Records for this task:
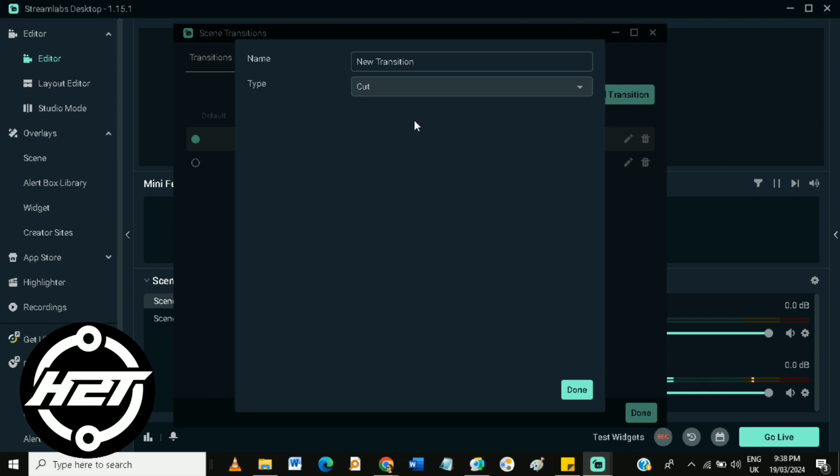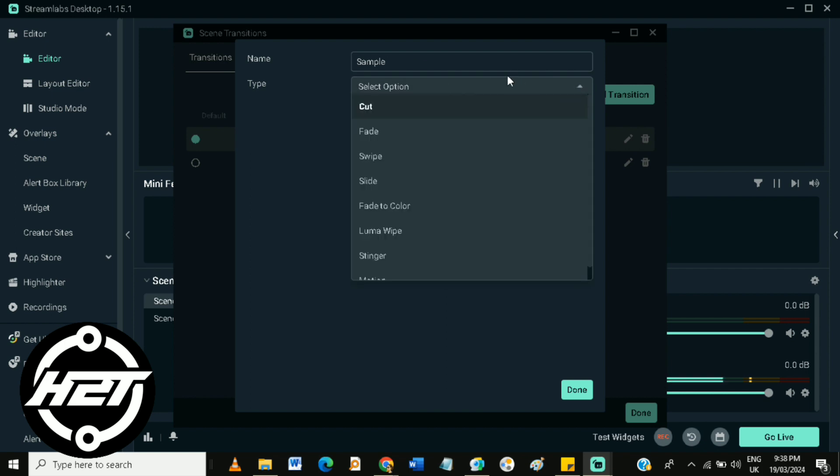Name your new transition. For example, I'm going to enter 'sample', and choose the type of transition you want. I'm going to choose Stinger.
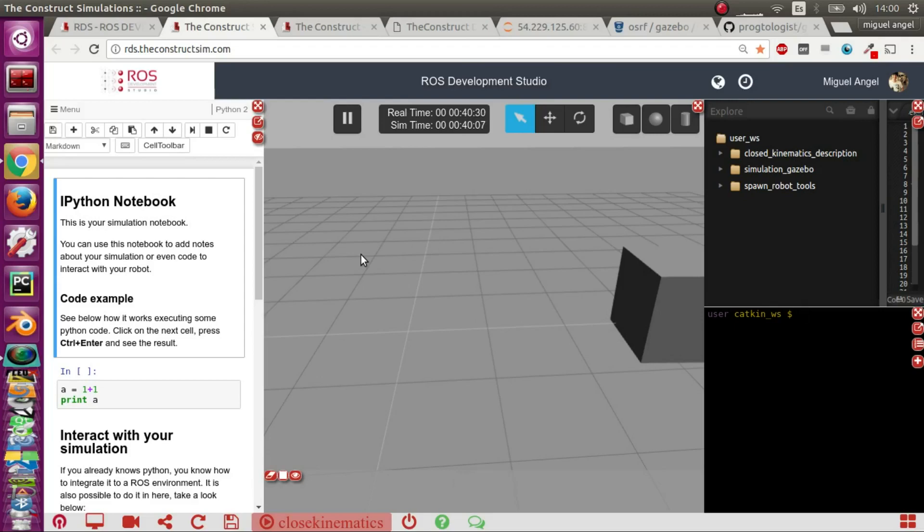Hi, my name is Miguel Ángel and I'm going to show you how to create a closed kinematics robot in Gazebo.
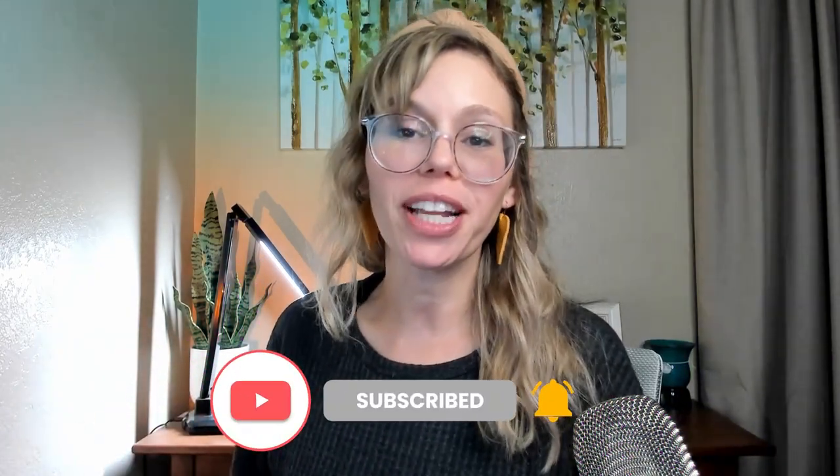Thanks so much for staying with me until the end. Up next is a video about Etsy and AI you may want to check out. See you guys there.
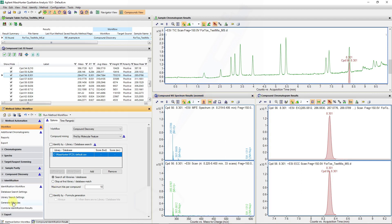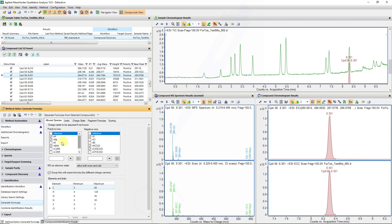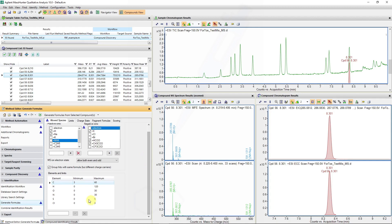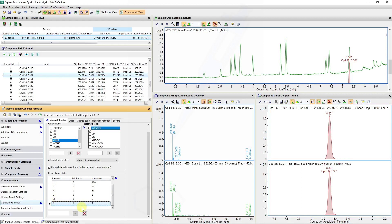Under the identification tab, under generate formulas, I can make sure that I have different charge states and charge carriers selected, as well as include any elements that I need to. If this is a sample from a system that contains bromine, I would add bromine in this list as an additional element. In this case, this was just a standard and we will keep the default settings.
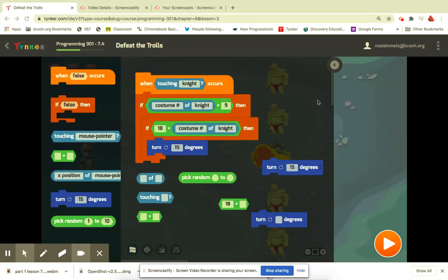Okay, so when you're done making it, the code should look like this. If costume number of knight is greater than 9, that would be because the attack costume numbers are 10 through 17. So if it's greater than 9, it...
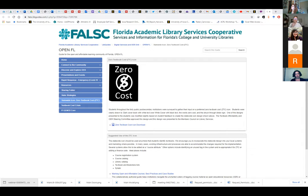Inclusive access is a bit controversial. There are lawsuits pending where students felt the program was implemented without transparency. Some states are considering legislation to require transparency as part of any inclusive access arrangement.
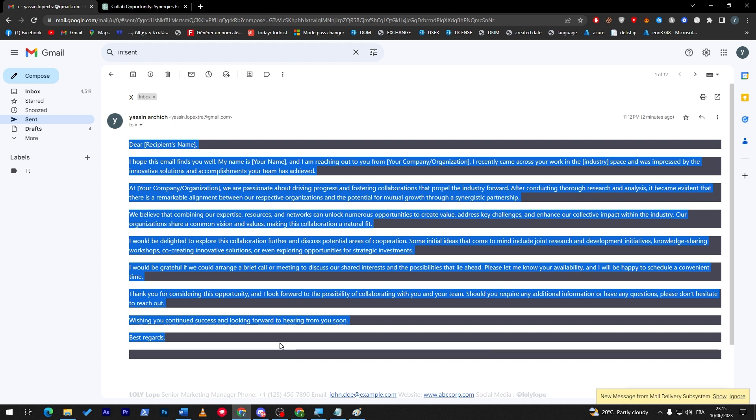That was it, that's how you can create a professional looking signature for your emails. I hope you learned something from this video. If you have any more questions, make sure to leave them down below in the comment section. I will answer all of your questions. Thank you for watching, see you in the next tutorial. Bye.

Task instructions:
Without reproducing any picture, repeat exactly the lines from the one containing "Okay, so when" through the last line of the material above, both ends included.

Output of the exercise:
Okay, so when you're done making it, the code should look like this. If costume number of knight is greater than 9, that would be because the attack costume numbers are 10 through 17. So if it's greater than 9, it...
Inclusive access is a bit controversial. There are lawsuits pending where students felt the program was implemented without transparency. Some states are considering legislation to require transparency as part of any inclusive access arrangement.
That was it, that's how you can create a professional looking signature for your emails. I hope you learned something from this video. If you have any more questions, make sure to leave them down below in the comment section. I will answer all of your questions. Thank you for watching, see you in the next tutorial. Bye.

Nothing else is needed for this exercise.